◆ MATERIAL PROVIDED ◆
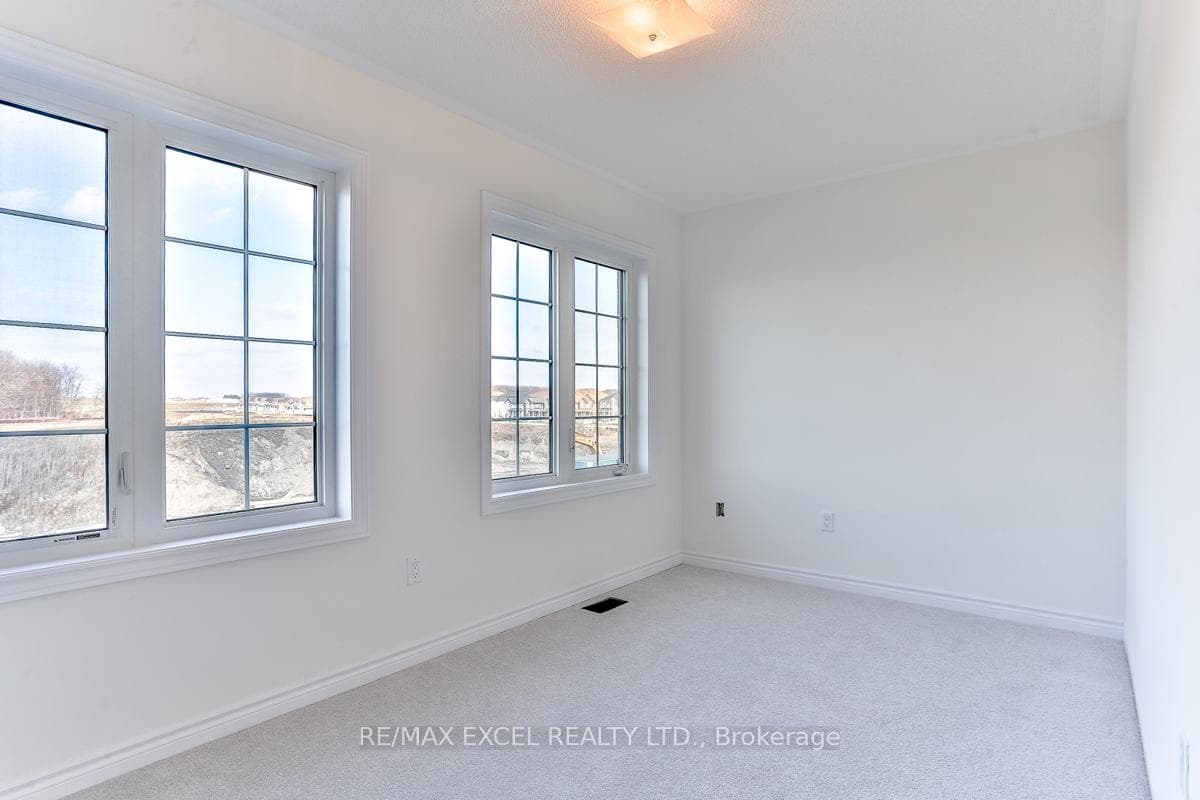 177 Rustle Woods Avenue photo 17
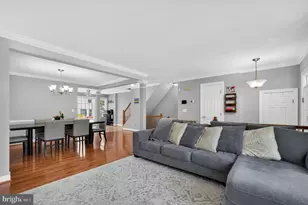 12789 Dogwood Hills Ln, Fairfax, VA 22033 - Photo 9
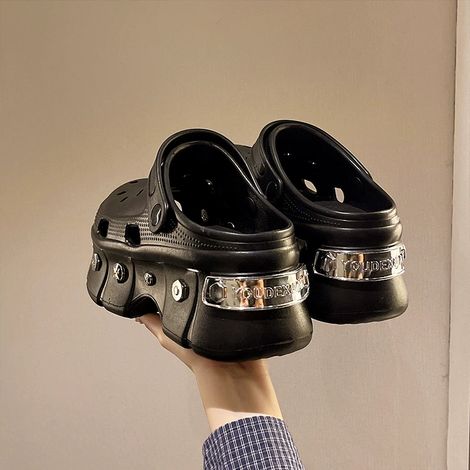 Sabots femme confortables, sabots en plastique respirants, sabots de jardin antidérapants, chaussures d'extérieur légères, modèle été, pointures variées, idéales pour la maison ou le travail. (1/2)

◆ DESCRIPTION OF THE TASK ◆
Pictures aside, reproduce the listing above exactly.

◆ OUTPUT OF THE EXERCISE ◆
 177 Rustle Woods Avenue photo 17
 12789 Dogwood Hills Ln, Fairfax, VA 22033 - Photo 9
 Sabots femme confortables, sabots en plastique respirants, sabots de jardin antidérapants, chaussures d'extérieur légères, modèle été, pointures variées, idéales pour la maison ou le travail. (1/2)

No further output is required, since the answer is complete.